I really appreciate this as I don't have any of those issues. Bedrock is at inches to 3 ft. Things don't rot as they are frozen from sept till june. 70 year old posts rot from the top down.

I have one month to put in posts- last two weeks in june and first two weeks in July. Before that it's frozen and after that it's concrete.

Thanks again folks.
 
a cup sitting on a saucer is the effect you want to avoid if you use concrete. Place clean gravel a few inches in the bottom of the hole then place the post and then 6" more clean gravel around the post. Any water that goes between the post and the concrete will drain out...if the concrete goes under the post the water gets retained next to the post. I would do the same thing if I used ab3 instead of concrete..since it can set up hard after if gets wet. You can also use a dry concrete mix which will eventually set up hard from moisture...that is simpler than mixing wet concrete.
 
I really appreciate this as I don't have any of those issues. Bedrock is at inches to 3 ft. Things don't rot as they are frozen from sept till june. 70 year old posts rot from the top down.

I have one month to put in posts- last two weeks in june and first two weeks in July.

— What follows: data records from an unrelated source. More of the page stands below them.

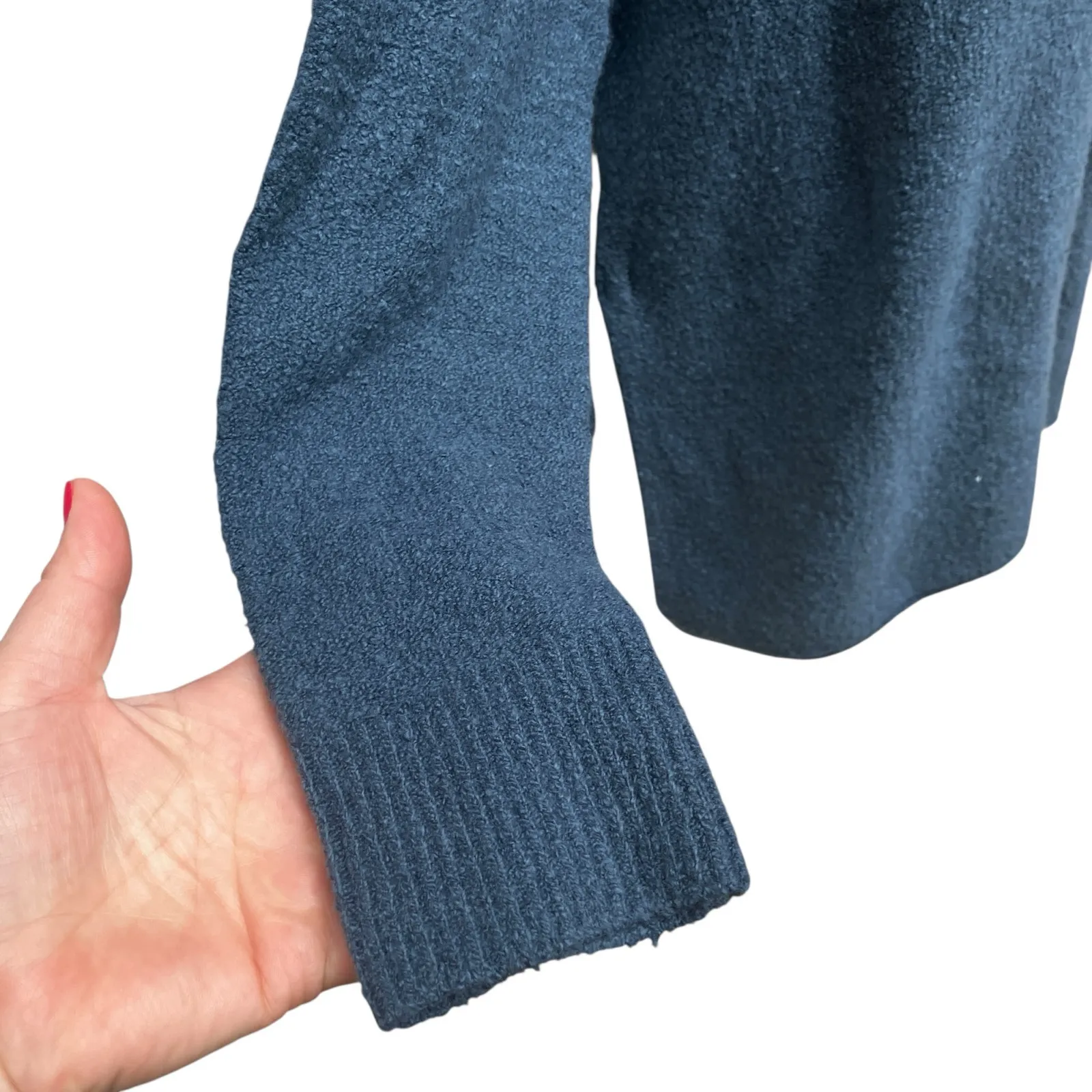 J Jill PureJill Sweater XS/S Blue Pullover Mock Neck Open Sided Oversized NWT - Image 5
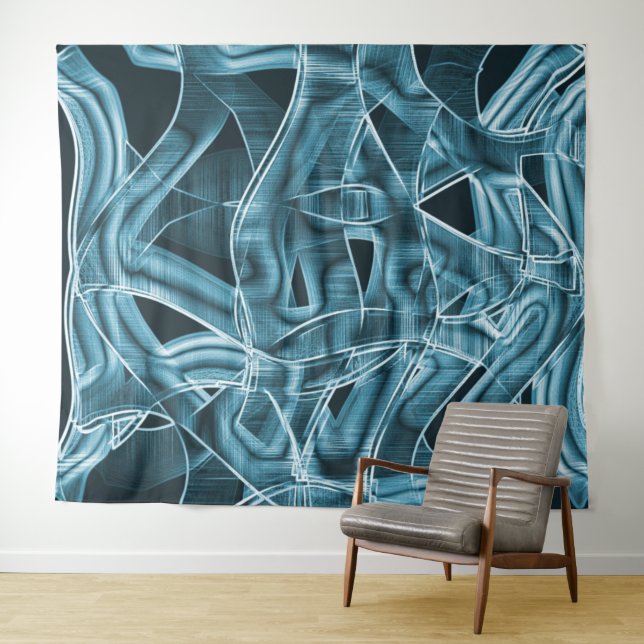 Tapete De Parede Banda sobreposta azul curvada realçada pelo alivio (In Situ (Horizontal))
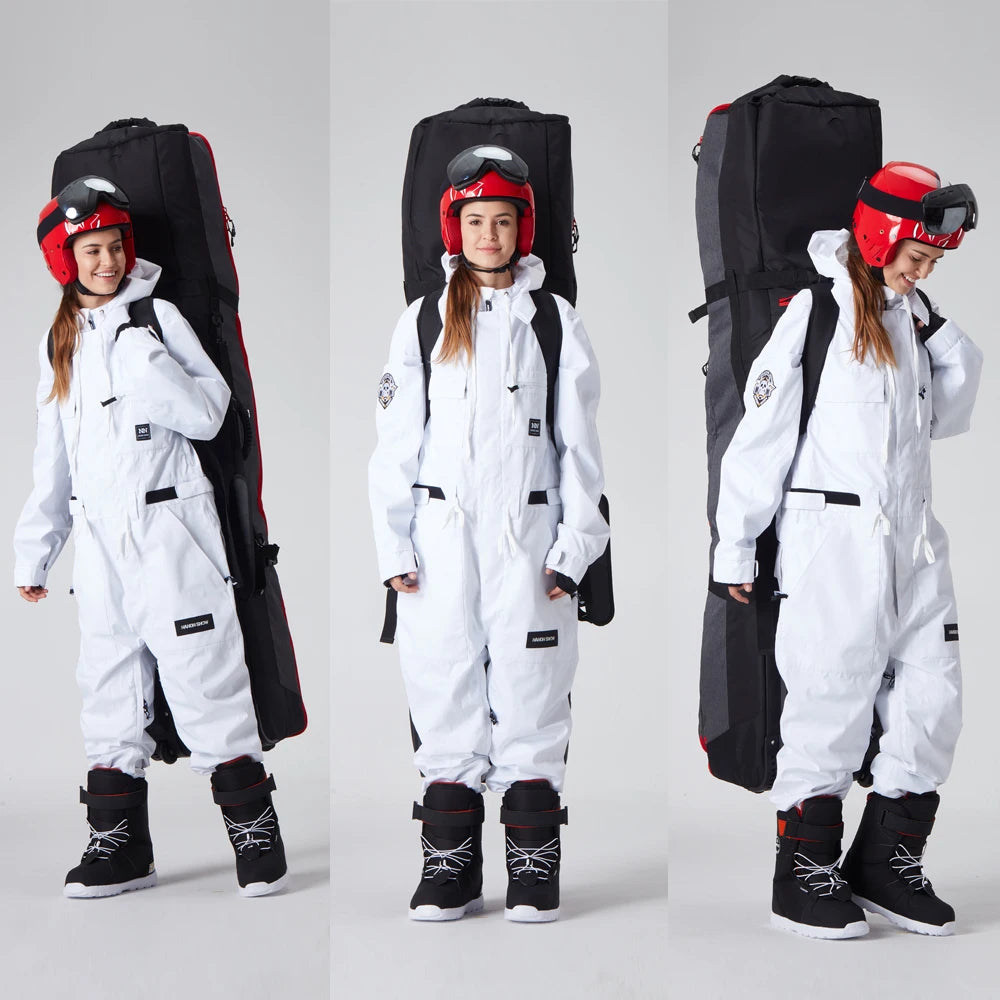 Rolling Snowboard Bag / Adjustable Length for Air Travel / Waterproof - with ABS Protection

Before that it's frozen and after that it's concrete.

Thanks again folks.
Would all that freezing and melting cause issues with the wood? Wood never seems to do well sitting in water but it sounds like it’s not an issue there. I’ve replaced lots of wood posts that rotted from sitting in bathtub type cement. It’s a royal pain in the ass.


Are those 70 year old posts sitting in concrete?
 
a cup sitting on a saucer is the effect you want to avoid if you use concrete. Place clean gravel a few inches in the bottom of the hole then place the post and then 6" more clean gravel around the post. Any water that goes between the post and the concrete will drain out...if the concrete goes under the post the water gets retained next to the post. I would do the same thing if I used ab3 instead of concrete..since it can set up hard after if gets wet. You can also use a dry concrete mix which will eventually set up hard from moisture...that is simpler than mixing wet concrete.

Thanks for the suggestion. If that concrete is 6” above the gravel base and above the frost line would that cause issues with frost pushing out the posts?